West Sacramento News Briefs

Oct 28, 2022 12:00AM ● By MPG Staff

Dia de los Muertos The 2nd Annual Day of the Dead Festival is to take place on Sunday, October 30th from noon until 4:00 PM. The festival will take place at Bryte Park and is free to all. Food, Drinks, Entertainment, Games, Prizes, Resources, Face Painting. Join us and bring the family. Day of the Dead attire or costumes are strongly encouraged but not required.

Haunted House Local artist Jimi James is hosting his 5th annual Haunted House. Free to public but donations being accepted for Julie’s Purse, an organization that helps battered women. Event located at 1045 Milton St. October 31st, 7:00 pm – midnight.

Treat Map On the Nextdoor app, posted on 10/19 is a place where you can pin your house on the treat map for Halloween Trick or Treaters. Add your house if you will be celebrating the holiday with treats for the kids! As always, please be safe.

Grand Opening of Museum to Preserve Decades of Chinese History – In the Delta Region officials from Sacramento County, Sacramento Housing and Redevelopment Agency (SHRA), Isleton Brannan-Andrus Historical Society (IBAHS), and the California Cultural Historical Endowment (CCHE) will celebrate the completion of a multiphase project that opens the doors to a Chinese cultural museum in the renovated historic Bing Kong Tong in the heart of Isleton at the Bing Kong Tong building, 29 Main Street, Isleton.

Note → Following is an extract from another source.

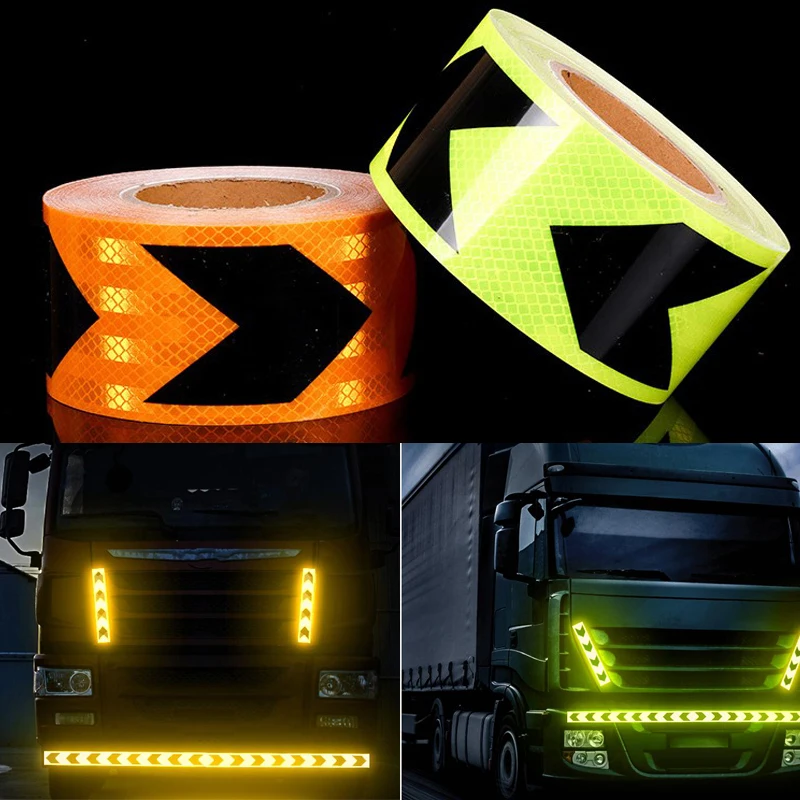 Night Reflective Safety Warning Conspicuity Tape Film Truck Car Sticker 6T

After a recently completed major renovation that began in 2012, the Bing Kong Tong building now serves as a new museum and community space for the City of Isleton to preserve and enhance the Chinese cultural significance of both the architecture and the city’s historic district. Designated a historic structure rebuilt after a fire in 1926, the Bing Kong Tong building represents a significant example of Chinese American architecture, as well as a tangible connection to the town’s cultural heritage. The “tong” or meeting hall served as a community center organized under a benevolent society which operated a Chinese language school and offered the local Chinese Americans social services and a place to gather. Eventually displaced by Federal immigration laws that excluded Chinese from entering the United States, the town’s Chinese population dwindled from 1,500 to a very small number of residents today. Vacant since the 1940’s, the building fell into a severe state of disrepair. With the support of federal funding, endowments, and other contributions, the Tong Building underwent a significant reconstruction effort which included creation of the museum and preservation of Chinese artifacts.